Il existait déjà des vêtements de coton produits selon les règles du commerce équitable, et distribués en France (notamment dans le réseau Artisans du Monde). Dans ce cas, c’est la transformation du coton et son importation qui répondent aux critères du commerce équitable.
La certification de Max Havelaar concerne, lui, la production du coton, pas des vêtements.

Un champ de cotonnier à la saison des pluies

D’autres initiatives s’occupent de la culture et de la vente de coton bio. Mais comme sa culture est encore assez chère, souvent ce coton n’est pas en mesure de répondre aux exigences de prix du marché de masse et reste pour le moment un produit de niche. Les grandes entreprises commerciales veulent acheter le coton, leur matière première, au meilleur prix possible car les consommateurs ne sont généralement pas disposés à assumer des prix d’achat plus élevés.
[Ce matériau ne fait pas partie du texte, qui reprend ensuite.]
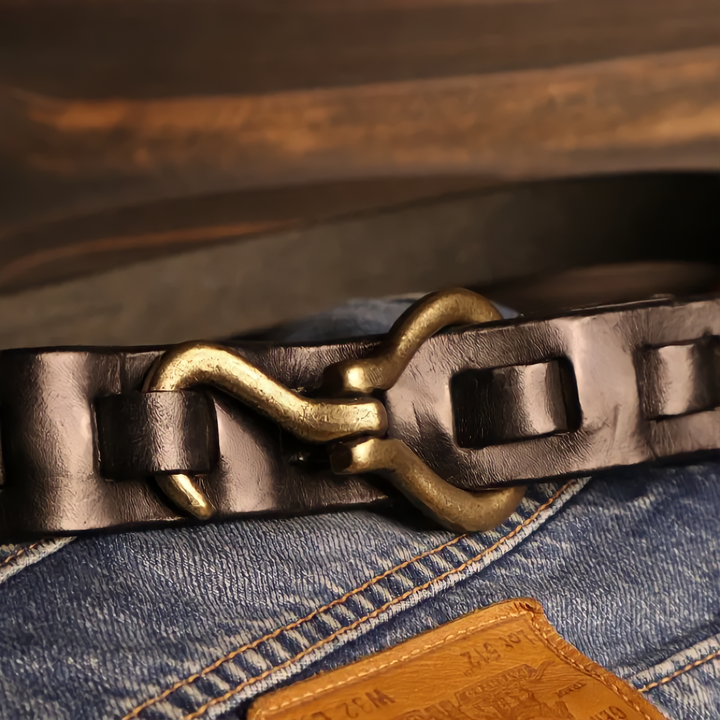 Durango Cowhide Hook Belt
Pourtant, si le coton bio se vend plus cher que le coton classique, le jeu n’en vaut peut-être pas la chandelle, à en croire le directeur de l’association des producteurs de coton du Burkina Faso. Même si les fermiers gagnent jusqu’à 30 % de plus par kilo, ils produisent, en moyenne, moins de la moitié de coton. Mais le coton bio, produit sans substances chimiques, a un avantage : les femmes, exclues du secteur agricole qui requiert l’utilisation de puissants pesticides, peuvent désormais y travailler.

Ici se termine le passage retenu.